I definitely like to jig, and find this much more productive, but I don't like to jig with both hands so I will usually use a bobber on one pole. Those ice buster bobbers are pretty slick--you can cut them down to customize sensitivity.


----------



## njsimonson (Sep 24, 2002)

Same way as Dr. J.

One deadstick with a float, usually a hook and minnow or waxie, and the other stick is an active jigging rod with a Genz Worm or a (two words) Buckshot Rattle Spoon.


----------



## dpx814 (Apr 13, 2005)

So I guess by looking at my avitar you'd be able to tell. However for me it depends on where and what I'm fishing for.

Walleye on Lake of the Woods its the Ice Buster bobbers all the way. The sensitvity is great and I love yellin' "BOBBER DOWN!!!" when the bite is on to raz my buddies. However as many will attest, the bobber is not always the way to go when aggresivly jigging for perch. Not too many bobbers come out of the box when I'm on Devis Lake.


----------



## Norm70 (Aug 26, 2005)

I am a bobber user. I like to have one jigging pole, but if they are not biting fast and furious i like to have as many lines as legally possible in the water.


----------



## Ron Gilmore (Jan 7, 2003)

Ice busters all the way!!! Jigging is work and ice fishing is not supposed to be work! Since I went over 40 that is the way I approach it now.

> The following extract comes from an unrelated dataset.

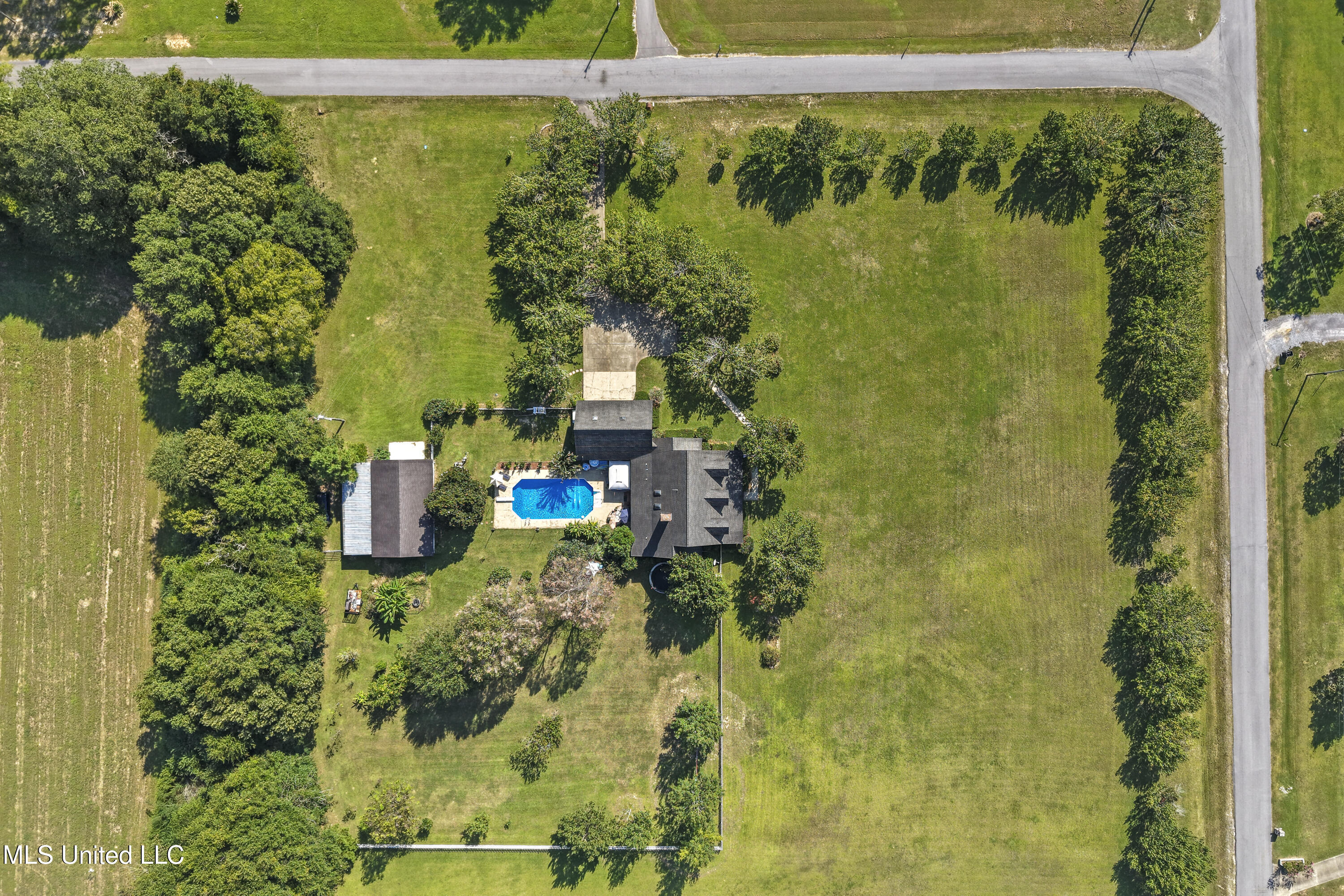 147 Blue Springs Road Property Photo 6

Food, beverage, and bobbers!!!!!!!!!!!!!!!!


----------



## iceman guides (Dec 6, 2005)

Ice Busters here too gota love them when it gets 10 below the water will frezze in you hole but not your line..


----------



## GooseBuster3 (Mar 1, 2002)

My bobber is my vex!


----------



## DeltaBoy (Mar 4, 2004)

If I am having a beverage while I am fishing - bobber all the way!


----------



## Scott Schuchard (Nov 23, 2002)

nothin beats the sight of watchin a bobber disapear down an ice hole.


----------



## ice man (Feb 4, 2006)

I like normally jig one pole and the other one on a ice buster bobber. I use my vex when I jig so I know where to stop my jig.


----------



## Minnesota50 (Jan 27, 2006)

I go small. Always. Nothing beats small lures and small bait and small bobbers. I have caught small fish as well as all the big fish I need by always going small. Just dont go too small. :lol:


----------



## Quackkills9 (Oct 25, 2004)

not anymore until I bought a vexilar.. but I still use ice buster bobbers on the other rod. :beer:


----------



## foldingwings (Feb 13, 2006)

Worked great for me on Red Lake until those monkster Crappies quite bitting that really sucks but otherwize thats all I use.


----------